We have a few details of alBaghdadi's life. He was born and brought up in Baghdad but left that city to go to Nishapur (sometimes written Neyshabur in English) in the Tus region of northeastern Iran. He did not go to Nishapur alone, but was accompanied by his father who must have been a man of considerable wealth, for alBaghdadi, without any apparent income himself, was able to spend a great deal of money on supporting scholarship and men of learning.
At this time Nishapur was, like the whole of the region around it, a place where there was little political stability as various tribes and religious groups fought with each other. When riots broke out in Nishapur, alBaghdadi decided that he required a more peaceful place to continue his life as an academic so he moved to Asfirayin. This town was quieter and alBaghdadi was able to teach and study in more peaceful surroundings. He was certainly considered as one of the great teachers of his time and the people of Nishapur were sad to lose the great scholar from their city.
In Asfirayin, alBaghdadi taught for many years in the mosque. Always having sufficient wealth, he took no payment for his teachings, devoting his life to the pursuit of learning and teaching for its own sake. His writings were mainly concerned with theology, as we must assume were his teachings. However, he wrote at least two books on mathematics.
One, Kitab fi'lmisaha, is relatively unimportant. It is concerned with the measurement of lengths, areas and volumes. The second is, however, a work of major importance in the history of mathematics. This treatise, alTakmila fi'lHisab, is a work in which alBaghdadi considers different systems of arithmetic. These systems derive from counting on the fingers, the sexagesimal system, and the arithmetic of the Indian numerals and fractions. He also considers the arithmetic of irrational numbers and business arithmetic. In this work alBaghdadi stresses the benefits of each of the systems but seems to favour the Indian numerals.

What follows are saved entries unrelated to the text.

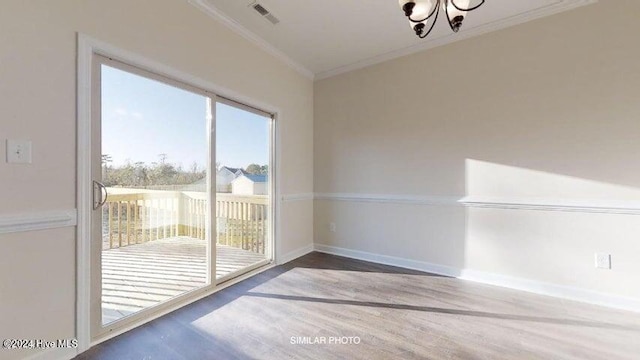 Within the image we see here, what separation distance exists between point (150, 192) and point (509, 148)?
341 centimetres

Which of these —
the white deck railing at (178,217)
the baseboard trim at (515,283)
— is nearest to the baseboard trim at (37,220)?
the white deck railing at (178,217)

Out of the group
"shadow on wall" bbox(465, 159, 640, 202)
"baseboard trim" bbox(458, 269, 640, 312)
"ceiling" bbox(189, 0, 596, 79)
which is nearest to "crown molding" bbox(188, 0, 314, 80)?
"ceiling" bbox(189, 0, 596, 79)

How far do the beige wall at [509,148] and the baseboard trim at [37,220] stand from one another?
9.47 ft

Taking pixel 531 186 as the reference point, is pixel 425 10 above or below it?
above

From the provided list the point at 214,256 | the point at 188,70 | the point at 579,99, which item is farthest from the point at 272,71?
the point at 579,99

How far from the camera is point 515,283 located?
2699 mm

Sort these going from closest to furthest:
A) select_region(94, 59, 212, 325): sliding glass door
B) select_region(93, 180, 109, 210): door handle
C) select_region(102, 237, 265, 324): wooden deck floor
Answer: select_region(93, 180, 109, 210): door handle, select_region(94, 59, 212, 325): sliding glass door, select_region(102, 237, 265, 324): wooden deck floor

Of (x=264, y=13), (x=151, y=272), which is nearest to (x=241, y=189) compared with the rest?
(x=151, y=272)

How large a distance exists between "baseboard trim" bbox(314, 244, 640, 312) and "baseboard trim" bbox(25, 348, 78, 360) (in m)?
2.86

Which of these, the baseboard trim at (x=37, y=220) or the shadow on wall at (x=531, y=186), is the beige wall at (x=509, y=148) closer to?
the shadow on wall at (x=531, y=186)

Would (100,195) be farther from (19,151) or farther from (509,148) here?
(509,148)

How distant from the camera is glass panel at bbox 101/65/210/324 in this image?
195 cm

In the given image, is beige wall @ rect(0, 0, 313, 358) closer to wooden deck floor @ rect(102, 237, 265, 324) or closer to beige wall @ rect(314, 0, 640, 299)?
wooden deck floor @ rect(102, 237, 265, 324)

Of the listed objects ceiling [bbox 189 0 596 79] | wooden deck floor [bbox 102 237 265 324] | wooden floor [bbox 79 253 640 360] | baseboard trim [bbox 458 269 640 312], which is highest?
ceiling [bbox 189 0 596 79] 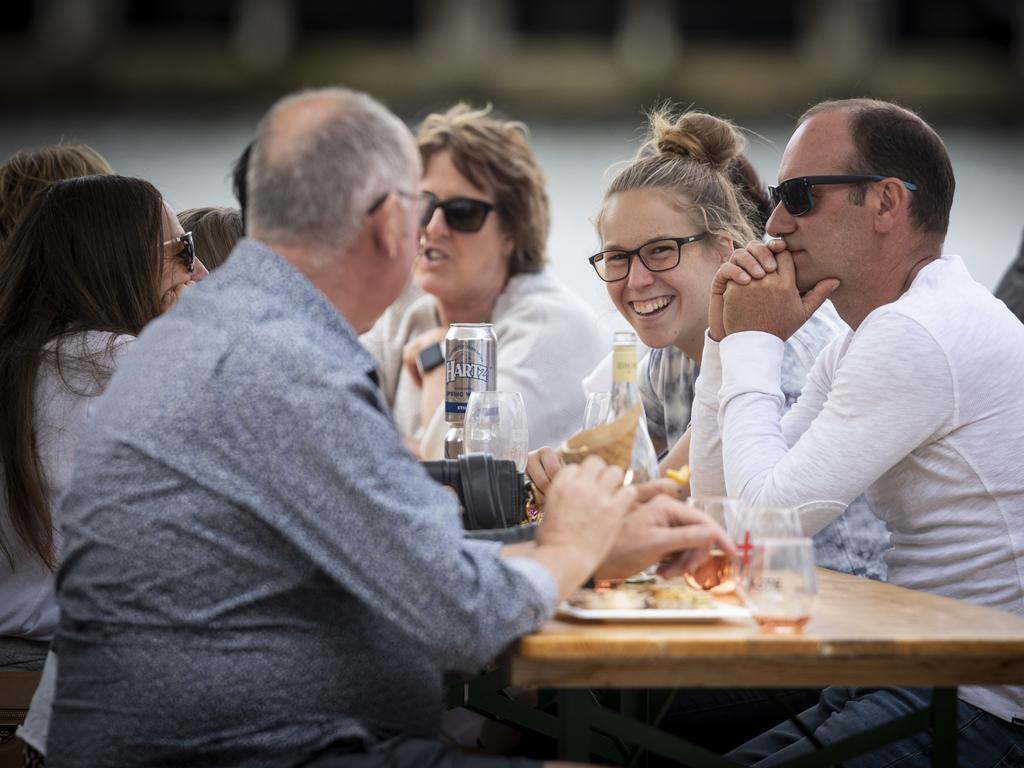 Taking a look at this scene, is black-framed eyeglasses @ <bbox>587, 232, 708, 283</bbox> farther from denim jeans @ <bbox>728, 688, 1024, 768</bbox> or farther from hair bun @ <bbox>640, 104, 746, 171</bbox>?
denim jeans @ <bbox>728, 688, 1024, 768</bbox>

Several important results in number theory appear in the alTakmila as do comments which allow us to obtain information on certain texts of alKhwarizmi which are now lost. We shall discuss the number theory results in more detail below, but first let us comment on the light which the alTakmila sheds on the problem of why Renaissance mathematicians were divided into "abacists" and "algorists" and exactly what is captured by these two names. It seems clear that those using Indian numerals used an abacus and were then called "abacists". The "algorists" followed the methods of alKhwarizmi's lost work which, contrary to what was originally thought, is not a work on Indian numerals but rather a work on finger counting methods. This becomes clear from the references to the lost work by alBaghdadi.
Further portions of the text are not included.